> Work instruction: The full set of entries is to be printed exactly, with pictures excluded.

(Records drawn from a dataset)
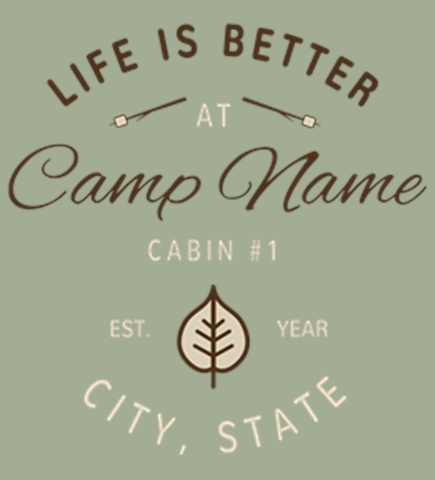 Camping t-shirt design 11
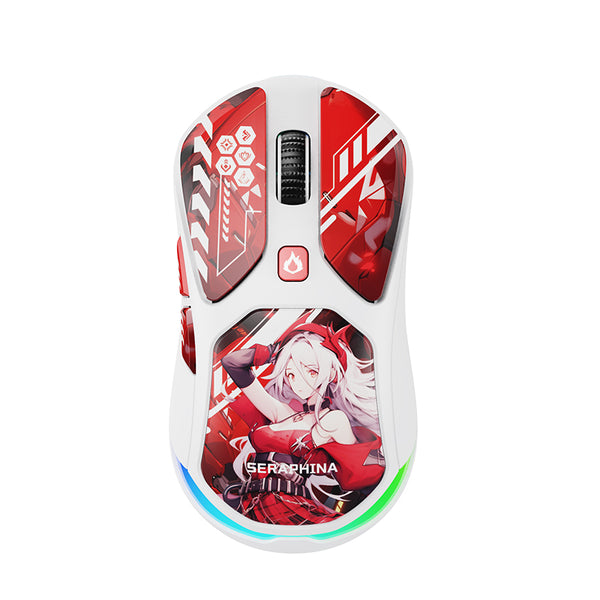 LINGBAO M7 Anime Wireless Gaming Mouse Ellinia Lucynirel Seraphina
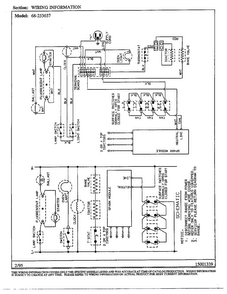 Wiring Information Diagram and Parts List for 68-253657  Magic Chef Range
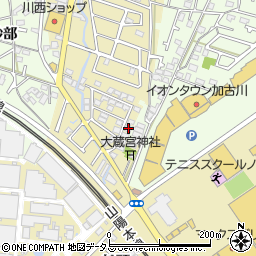 兵庫県加古川市東神吉町出河原487周辺の地図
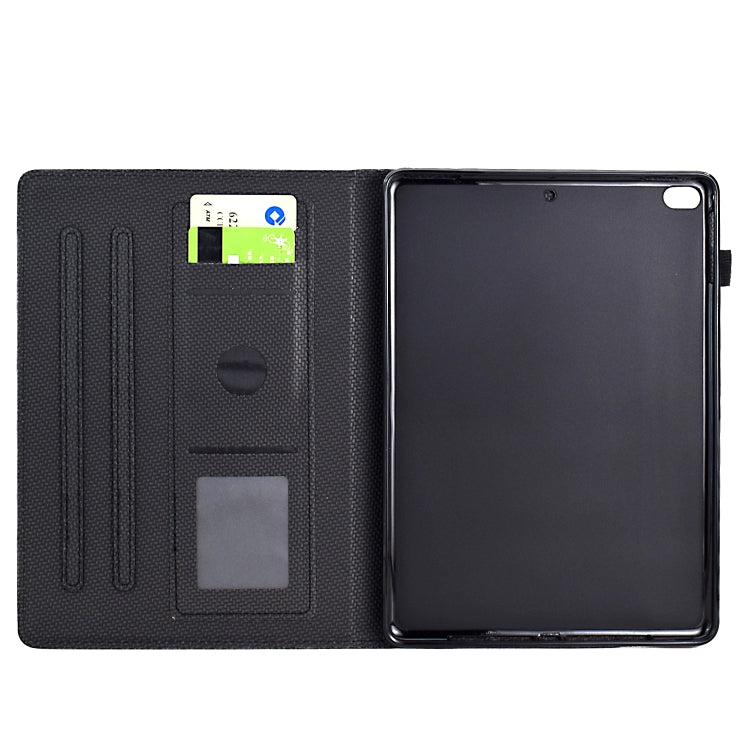 For iPad mini 5 / 4 / 3 / 2 / 1 Solid Color Fiber Texture Smart Tablet Leather Case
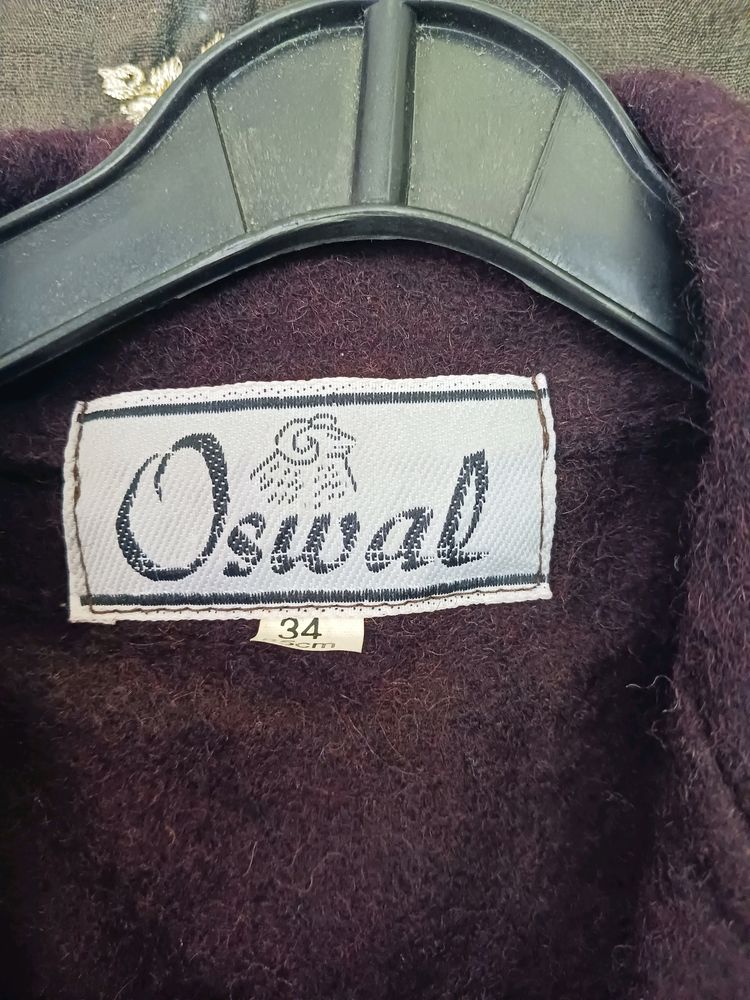 Brown Woollen Blazer Price Dropped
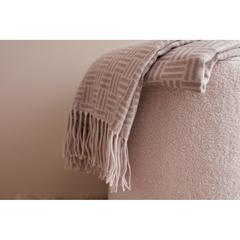 Vue VINGA Plaid Lenox de couleur marron| Krokrodeal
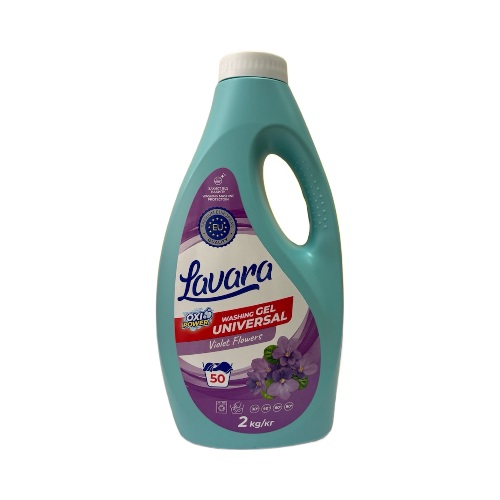 Гель для машинной и ручной стирки Lavara Violet Flowers 2 л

> Response to this task:
 Camping t-shirt design 11
 LINGBAO M7 Anime Wireless Gaming Mouse Ellinia Lucynirel Seraphina
 Wiring Information Diagram and Parts List for 68-253657  Magic Chef Range
 兵庫県加古川市東神吉町出河原487周辺の地図
 For iPad mini 5 / 4 / 3 / 2 / 1 Solid Color Fiber Texture Smart Tablet Leather Case
 Brown Woollen Blazer Price Dropped
 Vue VINGA Plaid Lenox de couleur marron| Krokrodeal
 Гель для машинной и ручной стирки Lavara Violet Flowers 2 л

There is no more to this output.